WORK INSTRUCTIONS: Return the data word for word. Pictures are to be omitted.

DATA SECTION:
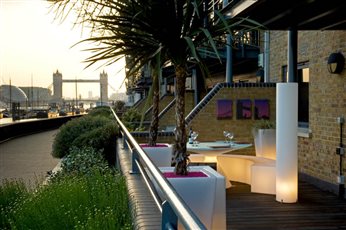This riverside terrace garden is been designed with relaxation and sophistication in mind. The focus is on simplicity, combining high-quality features with a hint of playfulness, to avoid detracting from the magnificent views of the Thames and Tower 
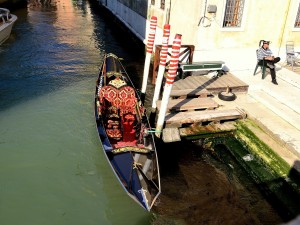 Postal: Una góndola de lujo en Venecia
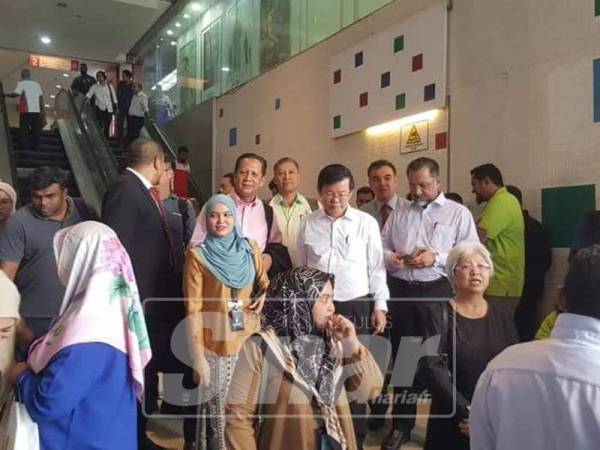 Ketua Menteri dan barisan Exco Kerajaan Negeri turut kelihatan turun bagi menyelamatkan diri.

ANSWER TO THIS TASK:
This riverside terrace garden is been designed with relaxation and sophistication in mind. The focus is on simplicity, combining high-quality features with a hint of playfulness, to avoid detracting from the magnificent views of the Thames and Tower 
 Postal: Una góndola de lujo en Venecia
 Ketua Menteri dan barisan Exco Kerajaan Negeri turut kelihatan turun bagi menyelamatkan diri.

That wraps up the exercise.